Your objective :: From the first line of the entries below, reproduce everything exactly through the line with "Sage the label", and nothing more.
-*-*-
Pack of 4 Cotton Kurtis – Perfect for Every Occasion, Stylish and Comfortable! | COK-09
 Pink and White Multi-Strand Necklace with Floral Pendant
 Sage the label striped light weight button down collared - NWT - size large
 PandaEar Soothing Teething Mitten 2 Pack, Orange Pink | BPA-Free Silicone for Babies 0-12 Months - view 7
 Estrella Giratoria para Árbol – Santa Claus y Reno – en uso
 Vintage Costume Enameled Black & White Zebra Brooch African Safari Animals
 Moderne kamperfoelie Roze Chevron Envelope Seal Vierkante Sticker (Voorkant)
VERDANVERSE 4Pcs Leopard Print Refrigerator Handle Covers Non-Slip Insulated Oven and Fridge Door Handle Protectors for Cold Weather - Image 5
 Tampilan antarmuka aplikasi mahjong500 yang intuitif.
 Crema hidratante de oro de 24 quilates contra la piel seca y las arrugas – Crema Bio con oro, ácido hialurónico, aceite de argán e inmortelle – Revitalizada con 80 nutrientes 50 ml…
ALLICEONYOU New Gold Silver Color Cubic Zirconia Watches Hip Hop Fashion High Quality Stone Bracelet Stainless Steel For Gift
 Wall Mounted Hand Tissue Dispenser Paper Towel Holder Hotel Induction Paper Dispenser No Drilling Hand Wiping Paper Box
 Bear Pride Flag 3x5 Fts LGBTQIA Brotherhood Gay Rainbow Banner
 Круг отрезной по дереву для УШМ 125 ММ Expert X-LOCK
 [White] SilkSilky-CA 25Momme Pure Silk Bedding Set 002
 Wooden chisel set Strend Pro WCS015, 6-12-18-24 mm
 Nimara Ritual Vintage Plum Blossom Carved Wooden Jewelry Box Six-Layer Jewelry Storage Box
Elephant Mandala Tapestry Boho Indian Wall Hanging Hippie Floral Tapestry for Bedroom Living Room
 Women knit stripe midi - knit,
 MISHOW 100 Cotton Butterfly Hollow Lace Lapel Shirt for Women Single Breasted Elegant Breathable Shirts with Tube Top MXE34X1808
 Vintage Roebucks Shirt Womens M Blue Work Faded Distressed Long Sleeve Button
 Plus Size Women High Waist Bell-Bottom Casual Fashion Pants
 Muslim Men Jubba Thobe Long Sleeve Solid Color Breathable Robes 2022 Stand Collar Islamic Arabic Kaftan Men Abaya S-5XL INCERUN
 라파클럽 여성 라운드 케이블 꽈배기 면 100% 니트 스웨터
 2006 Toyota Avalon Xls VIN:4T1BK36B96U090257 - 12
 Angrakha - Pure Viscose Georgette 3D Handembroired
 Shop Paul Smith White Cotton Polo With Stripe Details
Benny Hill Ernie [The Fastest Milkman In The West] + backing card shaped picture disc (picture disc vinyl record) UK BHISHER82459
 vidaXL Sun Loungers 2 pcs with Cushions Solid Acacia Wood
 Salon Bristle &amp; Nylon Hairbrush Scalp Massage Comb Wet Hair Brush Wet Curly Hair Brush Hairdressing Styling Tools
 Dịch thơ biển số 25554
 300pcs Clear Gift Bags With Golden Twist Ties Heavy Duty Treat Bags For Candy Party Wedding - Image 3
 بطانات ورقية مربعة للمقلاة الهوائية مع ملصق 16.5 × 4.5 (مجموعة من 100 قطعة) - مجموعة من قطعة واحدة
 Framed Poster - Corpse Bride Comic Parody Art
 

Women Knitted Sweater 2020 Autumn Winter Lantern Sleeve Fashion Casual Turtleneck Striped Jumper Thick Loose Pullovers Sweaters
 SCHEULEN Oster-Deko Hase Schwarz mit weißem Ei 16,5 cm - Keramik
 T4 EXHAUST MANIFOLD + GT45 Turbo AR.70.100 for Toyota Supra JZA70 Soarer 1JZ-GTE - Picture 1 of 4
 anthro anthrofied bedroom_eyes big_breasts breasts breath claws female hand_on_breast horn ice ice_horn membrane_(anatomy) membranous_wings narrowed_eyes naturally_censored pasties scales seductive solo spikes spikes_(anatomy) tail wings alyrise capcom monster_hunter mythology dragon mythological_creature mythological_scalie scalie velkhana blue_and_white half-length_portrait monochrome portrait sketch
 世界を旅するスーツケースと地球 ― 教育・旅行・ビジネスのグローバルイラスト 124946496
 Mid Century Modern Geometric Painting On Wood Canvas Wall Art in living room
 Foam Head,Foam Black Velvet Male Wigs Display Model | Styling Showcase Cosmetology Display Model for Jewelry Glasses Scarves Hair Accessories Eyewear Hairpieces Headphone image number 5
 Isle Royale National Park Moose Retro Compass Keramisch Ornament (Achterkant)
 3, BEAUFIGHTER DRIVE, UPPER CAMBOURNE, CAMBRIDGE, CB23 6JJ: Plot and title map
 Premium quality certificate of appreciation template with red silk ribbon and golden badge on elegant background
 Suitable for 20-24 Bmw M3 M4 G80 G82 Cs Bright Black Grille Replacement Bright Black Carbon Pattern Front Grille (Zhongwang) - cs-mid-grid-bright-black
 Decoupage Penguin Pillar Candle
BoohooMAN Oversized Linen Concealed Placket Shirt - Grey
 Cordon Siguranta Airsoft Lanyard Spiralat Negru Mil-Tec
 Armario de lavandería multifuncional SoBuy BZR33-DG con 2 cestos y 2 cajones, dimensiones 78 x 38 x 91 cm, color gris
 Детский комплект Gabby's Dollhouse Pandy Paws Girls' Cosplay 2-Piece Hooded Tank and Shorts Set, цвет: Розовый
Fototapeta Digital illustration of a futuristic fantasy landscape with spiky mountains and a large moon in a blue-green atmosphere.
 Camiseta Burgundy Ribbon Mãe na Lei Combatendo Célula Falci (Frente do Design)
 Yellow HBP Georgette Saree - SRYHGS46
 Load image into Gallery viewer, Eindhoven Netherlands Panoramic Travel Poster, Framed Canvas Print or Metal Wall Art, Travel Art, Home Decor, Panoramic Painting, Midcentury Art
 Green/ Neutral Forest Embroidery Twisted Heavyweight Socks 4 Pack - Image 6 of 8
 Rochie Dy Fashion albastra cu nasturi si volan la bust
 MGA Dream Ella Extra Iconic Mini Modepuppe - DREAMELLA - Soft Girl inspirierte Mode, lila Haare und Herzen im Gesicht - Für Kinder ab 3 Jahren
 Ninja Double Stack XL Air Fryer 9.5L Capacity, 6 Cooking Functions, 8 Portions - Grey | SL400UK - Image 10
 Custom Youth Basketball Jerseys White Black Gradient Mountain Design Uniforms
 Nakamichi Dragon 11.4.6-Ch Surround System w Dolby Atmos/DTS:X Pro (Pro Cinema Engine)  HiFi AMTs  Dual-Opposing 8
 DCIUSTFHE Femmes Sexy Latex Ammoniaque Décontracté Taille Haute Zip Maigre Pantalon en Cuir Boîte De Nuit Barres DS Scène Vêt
-*-*-
Reply ::
Pack of 4 Cotton Kurtis – Perfect for Every Occasion, Stylish and Comfortable! | COK-09
 Pink and White Multi-Strand Necklace with Floral Pendant
 Sage the label striped light weight button down collared - NWT - size large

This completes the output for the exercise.